> Aim of the exercise
An exact copy of all the data is needed, with every picture left out.

> Given data
++++++

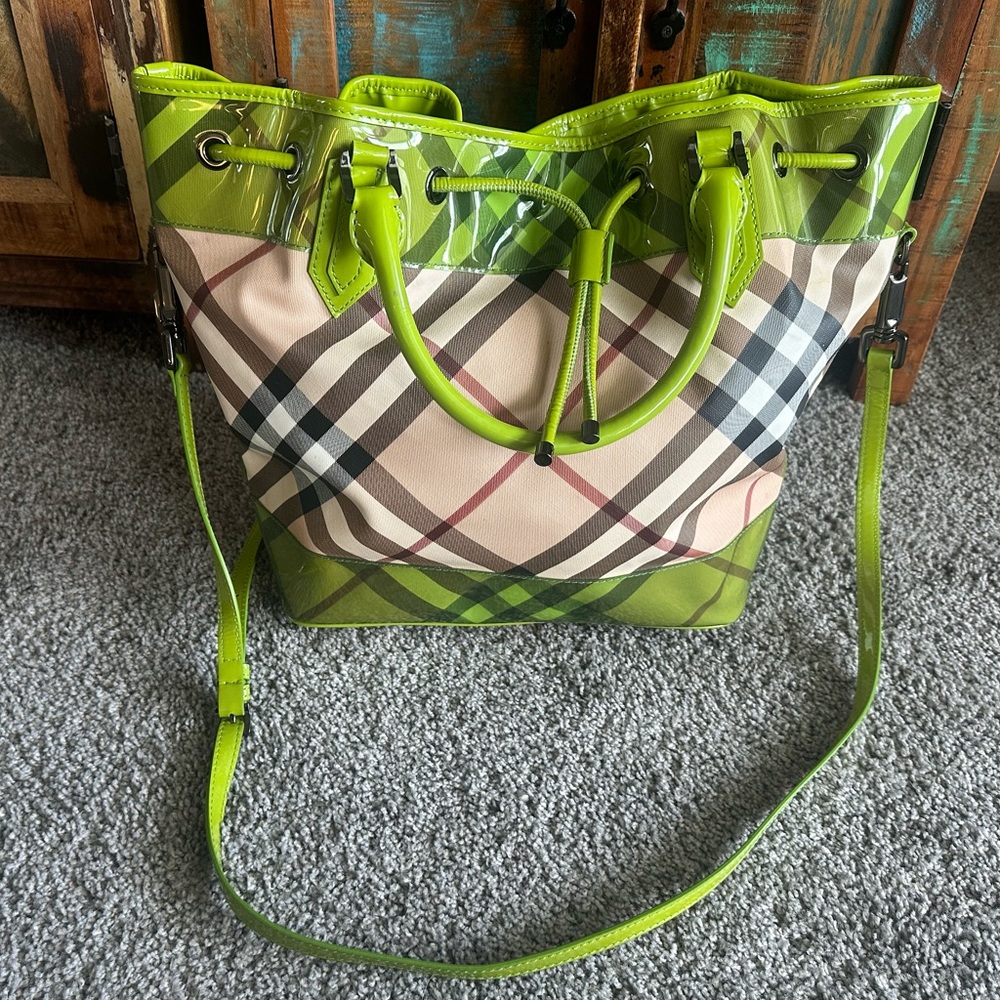 The Burberry Beige/Green PVC and Patent Leather Drawstring Tote (Rare)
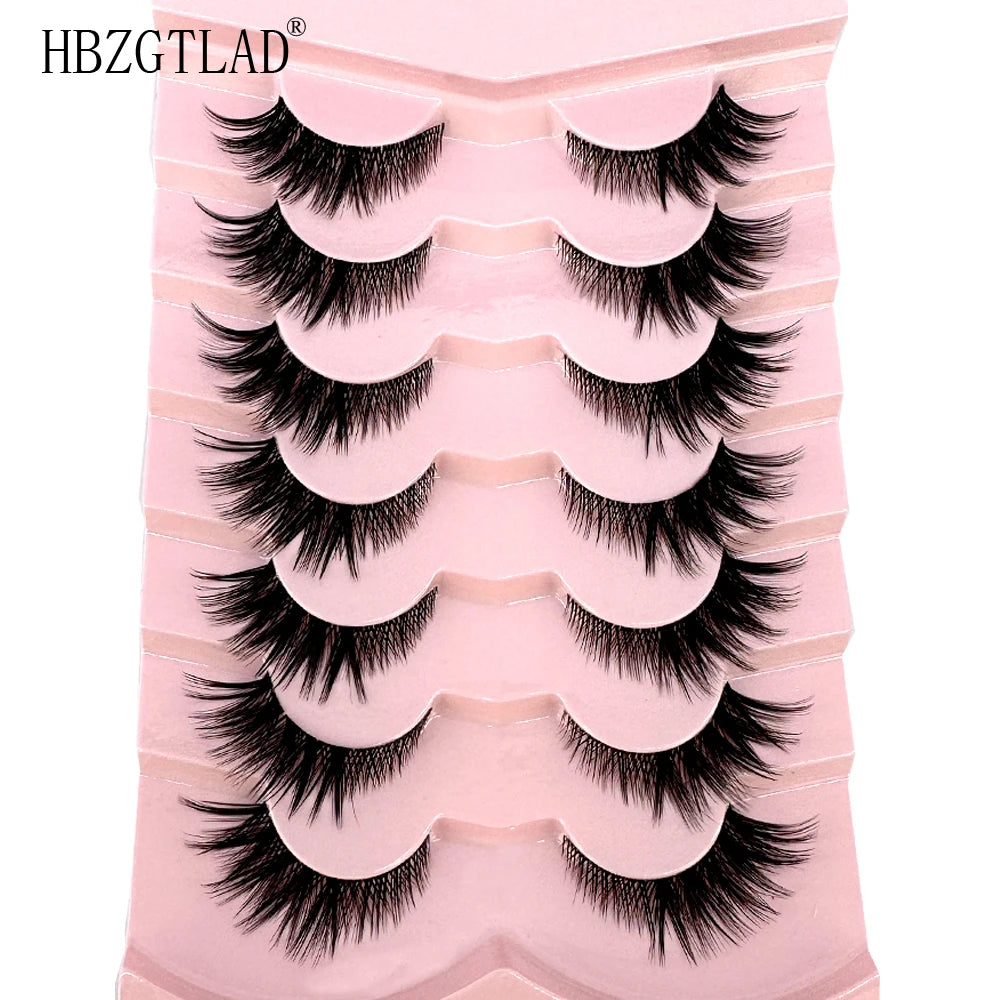 NEW 7Pairs Cat Eye Lashes Faux Mink Eyelashes Natural long Full Strip Lashes Winged End Eye Elongated Fake Lashes Soft Eyelashes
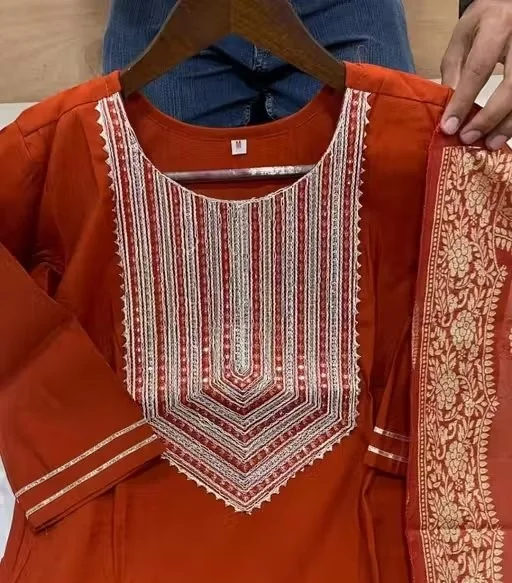 Rust Orange Cotton Kurta Pant Dupatta Set for Women with Embroidered Neck Design and Jacquard Banarasi Style Dupatta Ethnic Festive Wear Suit Set India Daily Wear Straight Kurti Set Rust Orange Cotton Kurta Pant Dupatta Set for Women with Embroidered Neck image 2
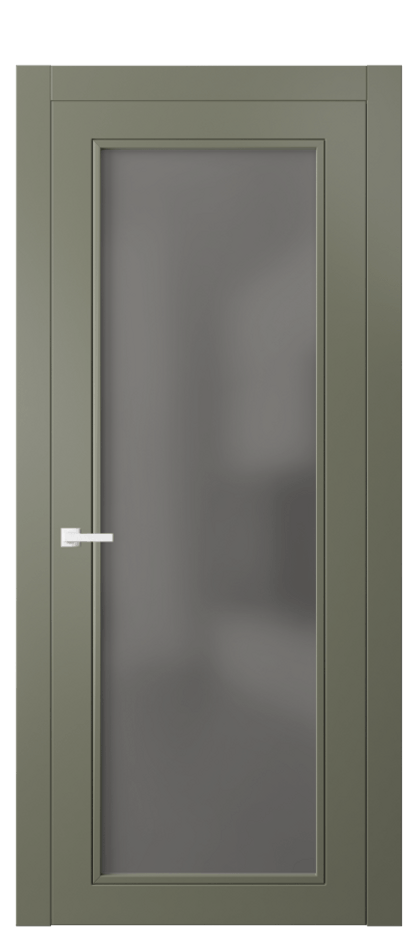 Межкомнатная дверь Neo Classic 8000 Матовый оливковый тёмный Сатинированное серое стекло, триплекс Цена 324240 AMD | Volhovec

++++++

> Result for this exercise
 The Burberry Beige/Green PVC and Patent Leather Drawstring Tote (Rare)
 NEW 7Pairs Cat Eye Lashes Faux Mink Eyelashes Natural long Full Strip Lashes Winged End Eye Elongated Fake Lashes Soft Eyelashes
 Rust Orange Cotton Kurta Pant Dupatta Set for Women with Embroidered Neck Design and Jacquard Banarasi Style Dupatta Ethnic Festive Wear Suit Set India Daily Wear Straight Kurti Set Rust Orange Cotton Kurta Pant Dupatta Set for Women with Embroidered Neck image 2
 Межкомнатная дверь Neo Classic 8000 Матовый оливковый тёмный Сатинированное серое стекло, триплекс Цена 324240 AMD | Volhovec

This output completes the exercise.